Não há santo no universo da administração pública. Sem exceção, todos os entes federados – Municípios, Estados e União – detêm cotas generosas de culpa pelas mazelas que impedem milhões de brasileiros de ter acesso de qualidade aos serviços públicos de que necessitam.
Por uma questão de justiça, porém, convém explicar qual a dimensão desta culpa no que diz respeito a um dos setores mais críticos do País: a saúde pública. A corrupção, em todas as esferas de governos, é uma das óbvias causas da crise do setor. Mas há outras, igualmente graves.
Uma delas é a existência de um descomunal abismo na proporção de investimentos feitos pelos entes federados na saúde. A CNM (Confederação Nacional de Municípios) e as associações estaduais de municípios desenvolvem um trabalho ingrato, porque refratário à grande mídia, para mostrar esta realidade.

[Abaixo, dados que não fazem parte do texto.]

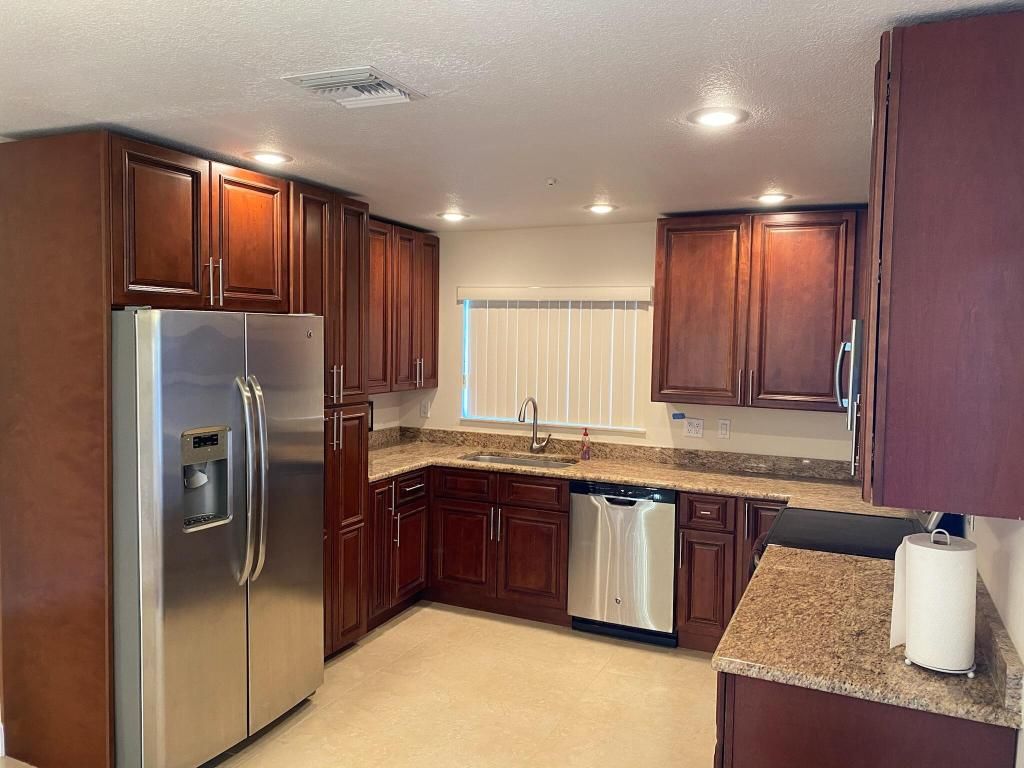 Photo of 450 W Conference Drive #450 &amp; 460, Boca Raton, FL 33486 (MLS # R11073205)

Uma das suas bandeiras é a cobrança, junto ao Congresso Nacional, do término do processo de regulamentação da Emenda 29. A matéria, que tramita no Congresso Nacional há quatro longos anos, define uma contrapartida mais justa dos entes federados nas suas obrigações relativas à saúde.
Hoje, segundo a Constituição Federal de 1988, os municípios têm de investir no mínimo 15% da sua receita corrente líquida em saúde, sob pena de sofrerem pesadas denúncias dos promotores públicos e reprimendas dos conselheiros dos Tribunais de Contas dos Estados.
Não é pouca coisa. De acordo com a CNM, apenas entre os anos de 2000 e 2009 (último dado disponível), os 5,5 mil municípios brasileiros investiram cerca de R$ 100 bilhões a mais que o volume de recursos determinado pela Emenda 29; aplicaram R$ 295,1 bilhões, mas deveriam ter investido R$ 194,6 bilhões. No caso dos Estados e da União, ocorreu o contrário.
Os Estados são obrigados a investir 12% em saúde, mas os números da CNM denunciam que isto esteve longe de ocorrer. Os governadores investiram R$ 292,9 bilhões entre os anos de 2000 e 2009, mas deveriam ter aplicado R$ 299,7 bilhões. A diferença a menos foi de R$ 6,8 bilhões.
Além disso, os Estados utilizam manobras ardis para se livrar do fardo. Uma delas é rotular de investimentos em saúde despesas relativas a saneamento básico. Em 2008, por exemplo, apenas quatro Estados declararam ao Siops (o sistema de informações o Ministério da Saúde que faz este tipo de acompanhamento) que não cumpriram o mínimo constitucional para o setor. Considerando-se as manobras contábeis feitas por 22 Estados, a diferença em investimentos em saúde foi de R$ 3,1 bilhões em 2008.
No caso da União, que por lei é obrigada a investir 10% da sua receita em saúde, a diferença a menos em investimentos foi ainda mais gritante. Chegou a R$ 17,6 bilhões. De 2000 a 2009, o governo federal deveria ter aplicado R$ 493,4 bilhões, mas gastou R$ 475,8 bilhões.
Há outros aspectos a abordar em relação ao custeio da saúde, mas os números citados acima bastam para contradizer os argumentos, tão ao gosto dos governos estadual e federal, de quem têm feito tudo o que podem para equacionar os problemas do setor. Mesmo considerando-se a inegável corrupção e incompetência existentes em muitos municípios, há outros culpados – de estatura política bem maior que os prefeitos – pelos crimes cometidos contra a saúde pública brasileira.
Não é um boa rota de fuga mentir à opinião pública para se livrar das suas responsabilidades, sobretudo quando se tem dados como os que a CNM apresenta à opinião pública. “Pode contar seus segredos ao vento, mas depois, não vá culpá-lo por contar tudo às árvores”, ensinava o mestre Khalil Gibran.